In some sense, he delivered, becoming the first athlete to double in the 100- and 200-meter dashes at consecutive Olympiads. And his anchor-leg effort in a record-setting 4x100 relay was quite a flourish.
But most of the awe was cumulative, brought on by the broad scope of his remarkable career and perhaps accented somewhat by his ability to overturn his perceived vulnerabilities.
None of the individual races, however, were particularly memorable by Bolt standards.
He didn't set any world records in his individual events or even come all that close. He was money in the big moments, but he didn't drop our jaws the way he did in Beijing.
We'll revisit these Games as confirmation of Bolt's all-time greatness, but not as an expression of his fullest self.
At his best, Bolt made us question what was humanly possible.
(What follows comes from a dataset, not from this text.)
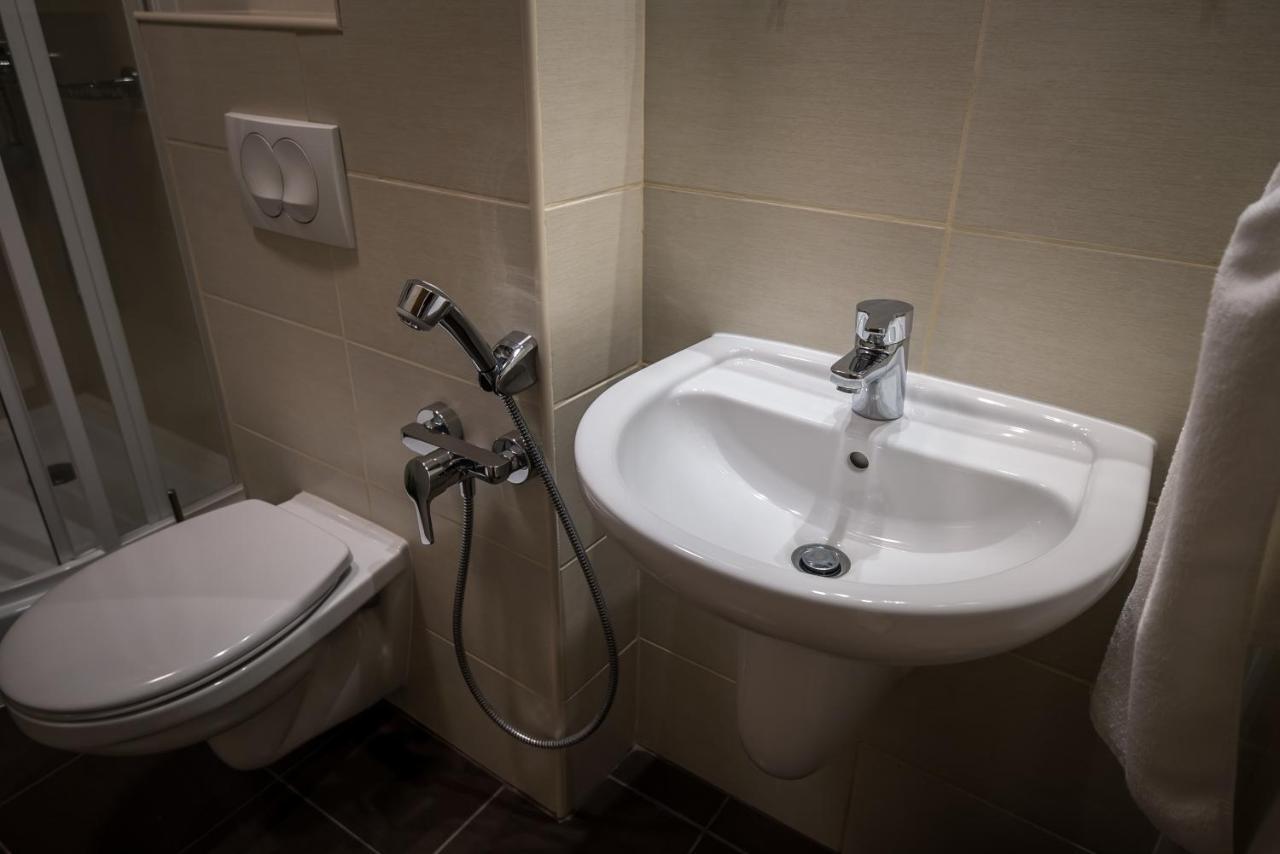 Mokka Apartman Сегед Экстерьер фото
He didn't quite do that at these Games.
High standards, I know, but Bolt was the one who promised us a show.
Sanya Richards-Ross, United States
Tirunesh Dibaba, Ethiopia
Natalya Antyukh, Russia
Vivian Cheruiyot, Kenya
Dee Dee Trotter, United States
Allyson Felix, United States — 3 (All gold)
Shelly-Ann Fraser-Pryce, Jamaica — 3 (1 gold, 2 silver)
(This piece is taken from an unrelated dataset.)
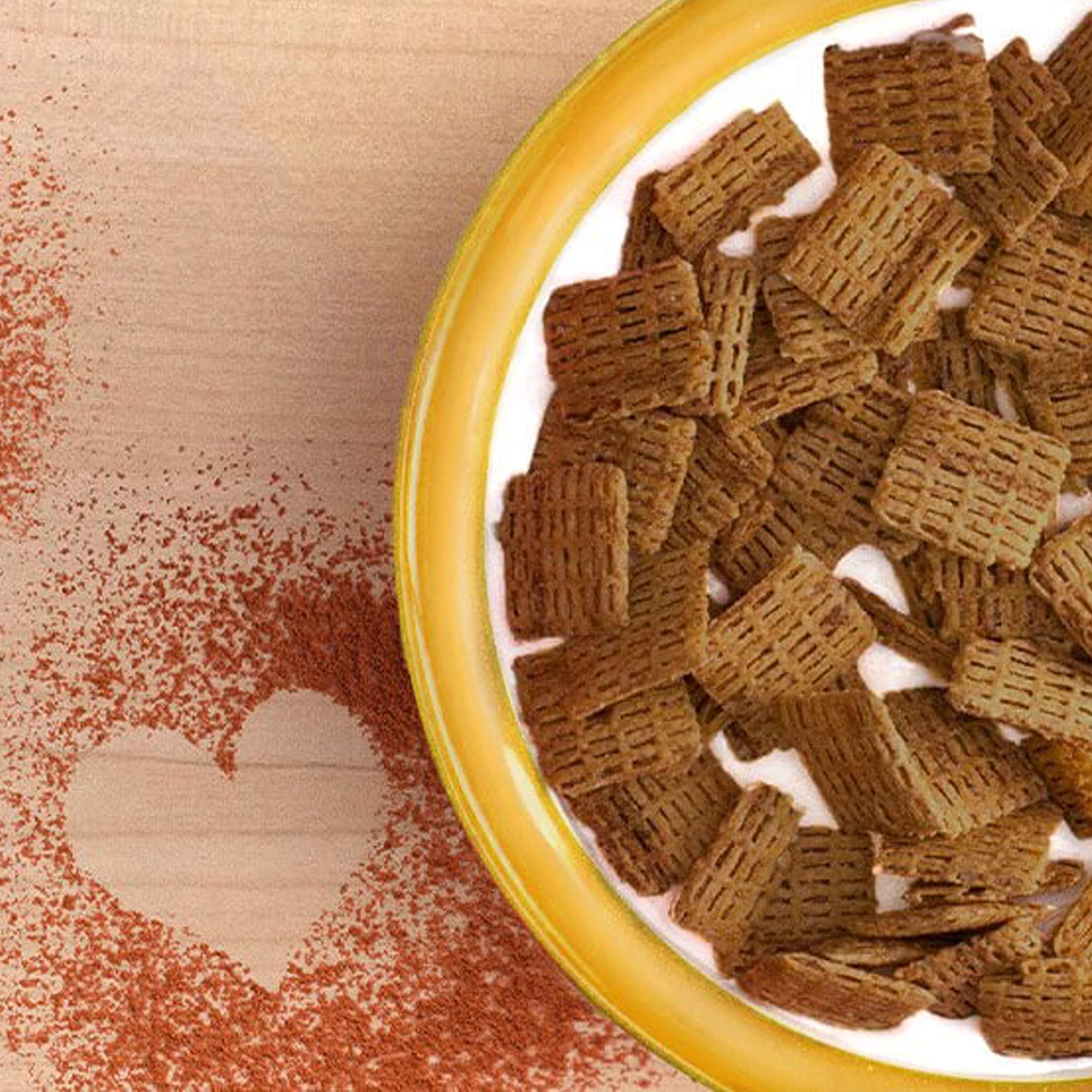 Pouring Quaker Life Multigrain Hot Cocoa into a bowl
Carmelita Jeter, United States — 3 (1 gold, 1 silver, 1 bronze)
I present to you the single most underrated athletic feat of these London Games.
Allyson Felix won three sprinting gold medals at three distances—100 meters (relay), 200 meters and 400 meters (relay).
Since the establishment of the modern Olympic track program (i.e. the abolition of 60-meter sprints, 80-meter hurdles and the like), no sprinter has ever done that.
Felix's signature win came in the 200, her long-awaited first individual gold medal.
But her second-leg run in the 4x400-meter relay was easily her most impressive performance, and a powerful indicator of her once-in-a-generation talent.
Felix didn't even contest the 400 in London, but her relay split was almost two full seconds faster than Sanya Richards-Ross' winning time in the event final.
I understand that relay splits aren't equivalent to flat-start times, but still...two seconds?!?!?
Felix may never have the headline-baiting savvy of a media starlet, but she's always had Page 1 talent.
In London, she finally got to prove it.